• _EXERCISE PROMPT_
From the entries below, transcribe exactly the lines between the line holding "Student hanging up" and the line holding "Bir demet taze", inclusive; skip all other lines.

• _TASK DATA_

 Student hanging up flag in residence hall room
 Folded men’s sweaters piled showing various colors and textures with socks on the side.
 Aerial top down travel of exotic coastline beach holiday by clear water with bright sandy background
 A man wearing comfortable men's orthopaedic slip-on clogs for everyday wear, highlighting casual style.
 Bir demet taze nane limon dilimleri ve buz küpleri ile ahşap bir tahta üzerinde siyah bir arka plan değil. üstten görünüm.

...

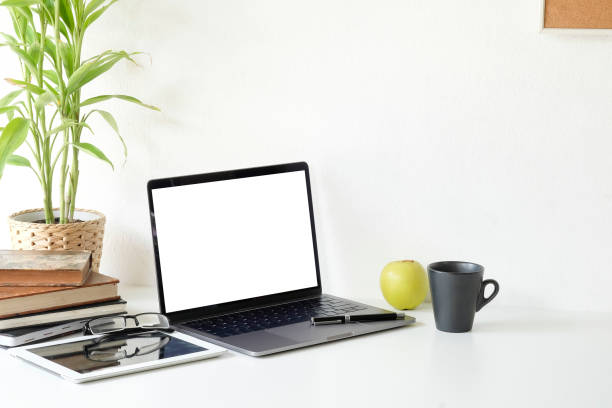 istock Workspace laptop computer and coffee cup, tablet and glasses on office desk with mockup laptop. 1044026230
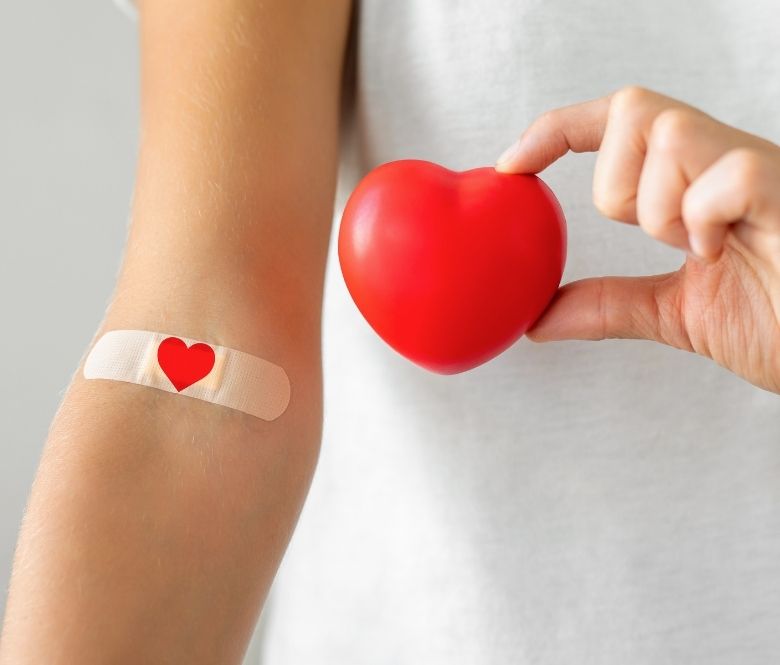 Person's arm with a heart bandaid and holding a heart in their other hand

• _TASK RESULT_
 Student hanging up flag in residence hall room
 Folded men’s sweaters piled showing various colors and textures with socks on the side.
 Aerial top down travel of exotic coastline beach holiday by clear water with bright sandy background
 A man wearing comfortable men's orthopaedic slip-on clogs for everyday wear, highlighting casual style.
 Bir demet taze nane limon dilimleri ve buz küpleri ile ahşap bir tahta üzerinde siyah bir arka plan değil. üstten görünüm.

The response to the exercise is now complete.